- Exercise aim
Read the data and repeat it in full, exactly.

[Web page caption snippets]

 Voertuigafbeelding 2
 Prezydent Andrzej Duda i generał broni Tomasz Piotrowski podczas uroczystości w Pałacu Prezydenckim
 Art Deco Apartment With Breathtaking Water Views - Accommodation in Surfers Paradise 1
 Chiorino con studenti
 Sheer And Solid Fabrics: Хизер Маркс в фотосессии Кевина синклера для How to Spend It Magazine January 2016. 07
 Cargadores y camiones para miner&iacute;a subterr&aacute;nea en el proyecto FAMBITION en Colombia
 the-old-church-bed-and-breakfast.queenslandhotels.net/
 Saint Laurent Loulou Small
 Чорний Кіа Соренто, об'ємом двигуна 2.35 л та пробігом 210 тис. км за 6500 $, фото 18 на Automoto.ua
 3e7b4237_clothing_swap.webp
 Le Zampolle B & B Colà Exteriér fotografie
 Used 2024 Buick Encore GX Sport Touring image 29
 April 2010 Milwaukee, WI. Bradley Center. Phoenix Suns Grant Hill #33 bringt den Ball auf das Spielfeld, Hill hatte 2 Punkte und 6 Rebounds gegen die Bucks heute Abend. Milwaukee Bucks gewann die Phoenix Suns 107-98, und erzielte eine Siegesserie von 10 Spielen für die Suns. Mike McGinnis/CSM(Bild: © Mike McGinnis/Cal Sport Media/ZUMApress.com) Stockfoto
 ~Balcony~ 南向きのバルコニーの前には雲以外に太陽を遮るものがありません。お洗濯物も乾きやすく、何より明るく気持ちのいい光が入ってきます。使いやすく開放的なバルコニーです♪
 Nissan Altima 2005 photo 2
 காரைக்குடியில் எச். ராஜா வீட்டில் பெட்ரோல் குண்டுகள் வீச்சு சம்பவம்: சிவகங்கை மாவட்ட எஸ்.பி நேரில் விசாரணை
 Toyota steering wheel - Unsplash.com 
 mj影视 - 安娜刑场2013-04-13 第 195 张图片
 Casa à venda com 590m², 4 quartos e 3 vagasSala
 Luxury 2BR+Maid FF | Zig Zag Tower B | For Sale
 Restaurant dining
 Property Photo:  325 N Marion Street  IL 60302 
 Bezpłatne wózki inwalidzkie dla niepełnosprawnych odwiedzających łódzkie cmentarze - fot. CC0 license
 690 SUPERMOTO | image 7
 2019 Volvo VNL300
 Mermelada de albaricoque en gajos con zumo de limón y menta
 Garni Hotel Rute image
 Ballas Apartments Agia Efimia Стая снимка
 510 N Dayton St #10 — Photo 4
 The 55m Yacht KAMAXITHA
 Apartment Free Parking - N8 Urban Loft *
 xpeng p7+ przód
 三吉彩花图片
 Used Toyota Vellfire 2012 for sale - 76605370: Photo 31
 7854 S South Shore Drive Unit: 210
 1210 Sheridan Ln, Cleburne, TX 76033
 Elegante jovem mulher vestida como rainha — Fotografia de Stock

- Exercise solution
 Voertuigafbeelding 2
 Prezydent Andrzej Duda i generał broni Tomasz Piotrowski podczas uroczystości w Pałacu Prezydenckim
 Art Deco Apartment With Breathtaking Water Views - Accommodation in Surfers Paradise 1
 Chiorino con studenti
 Sheer And Solid Fabrics: Хизер Маркс в фотосессии Кевина синклера для How to Spend It Magazine January 2016. 07
 Cargadores y camiones para miner&iacute;a subterr&aacute;nea en el proyecto FAMBITION en Colombia
 the-old-church-bed-and-breakfast.queenslandhotels.net/
 Saint Laurent Loulou Small
 Чорний Кіа Соренто, об'ємом двигуна 2.35 л та пробігом 210 тис. км за 6500 $, фото 18 на Automoto.ua
 3e7b4237_clothing_swap.webp
 Le Zampolle B & B Colà Exteriér fotografie
 Used 2024 Buick Encore GX Sport Touring image 29
 April 2010 Milwaukee, WI. Bradley Center. Phoenix Suns Grant Hill #33 bringt den Ball auf das Spielfeld, Hill hatte 2 Punkte und 6 Rebounds gegen die Bucks heute Abend. Milwaukee Bucks gewann die Phoenix Suns 107-98, und erzielte eine Siegesserie von 10 Spielen für die Suns. Mike McGinnis/CSM(Bild: © Mike McGinnis/Cal Sport Media/ZUMApress.com) Stockfoto
 ~Balcony~ 南向きのバルコニーの前には雲以外に太陽を遮るものがありません。お洗濯物も乾きやすく、何より明るく気持ちのいい光が入ってきます。使いやすく開放的なバルコニーです♪
 Nissan Altima 2005 photo 2
 காரைக்குடியில் எச். ராஜா வீட்டில் பெட்ரோல் குண்டுகள் வீச்சு சம்பவம்: சிவகங்கை மாவட்ட எஸ்.பி நேரில் விசாரணை
 Toyota steering wheel - Unsplash.com 
 mj影视 - 安娜刑场2013-04-13 第 195 张图片
 Casa à venda com 590m², 4 quartos e 3 vagasSala
 Luxury 2BR+Maid FF | Zig Zag Tower B | For Sale
 Restaurant dining
 Property Photo:  325 N Marion Street  IL 60302 
 Bezpłatne wózki inwalidzkie dla niepełnosprawnych odwiedzających łódzkie cmentarze - fot. CC0 license
 690 SUPERMOTO | image 7
 2019 Volvo VNL300
 Mermelada de albaricoque en gajos con zumo de limón y menta
 Garni Hotel Rute image
 Ballas Apartments Agia Efimia Стая снимка
 510 N Dayton St #10 — Photo 4
 The 55m Yacht KAMAXITHA
 Apartment Free Parking - N8 Urban Loft *
 xpeng p7+ przód
 三吉彩花图片
 Used Toyota Vellfire 2012 for sale - 76605370: Photo 31
 7854 S South Shore Drive Unit: 210
 1210 Sheridan Ln, Cleburne, TX 76033
 Elegante jovem mulher vestida como rainha — Fotografia de Stock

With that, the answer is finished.